- Film poster
- Directed by: Dvorit Shargal
- Written by: Dvorit Shargal
- Edited by: Shimon Spector
- Production companies: Rabinovich Foundation; The Israel Film Council;
- Release date: 2014;
- Running time: 50 minutes
- Country: Israel
- Languages: Hebrew English

= Where Is Elle Kari and What Happened to Noriko-san? =

Where Is Elle Kari and What Happened to Noriko-san? (איפה אלה קרי ומה קרה לנוריקו-סאן?) is an Israeli documentary by Dvorit Shargal from 2014. It deals with the photo books from the series Children's Everywhere by Anna Riwkin-Brick, Astrid Lindgren, Leah Goldberg and Elly Jannes. Where Is Elle Kari and What Happened to Noriko-san? is the first part of a film trilogy.

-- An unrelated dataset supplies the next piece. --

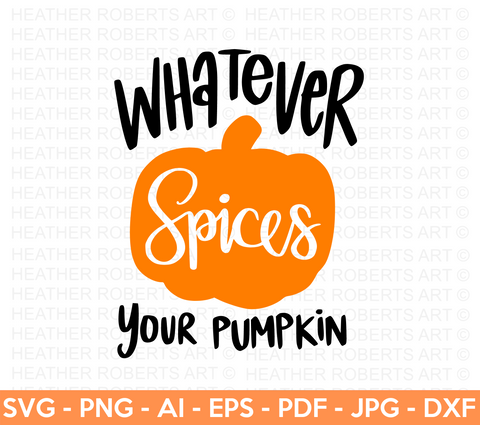 Whatever Spices Your Pumpkin SVG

The follow-up films, which also deal with the photo books from the series Children's Everywhere, were filmed in 2016 (Africa! Sia Lives on Kilimanjaro) and 2017 (Where Is Lilibet the Circus Child and What Happened in Honolulu?).

== Plot ==
As a child, director Dvorit Shargal read Anna Riwkin-Brick's books Elle Kari and Noriko-San: Girl of Japan. Through these books she learned about the lives of other girls in other distant countries. She identified with the protagonists, wanted to have skis like Elle Kari from the book of the same name, or wear a kimono like Noriko-san. When she opens her former favorite books, Shargal finds a letter written by her to Noriko-san. This was, however, sent back to her with the note: address unknown. Then she decides to start looking for the protagonists from the books. Noriko-san is of particular importance to her.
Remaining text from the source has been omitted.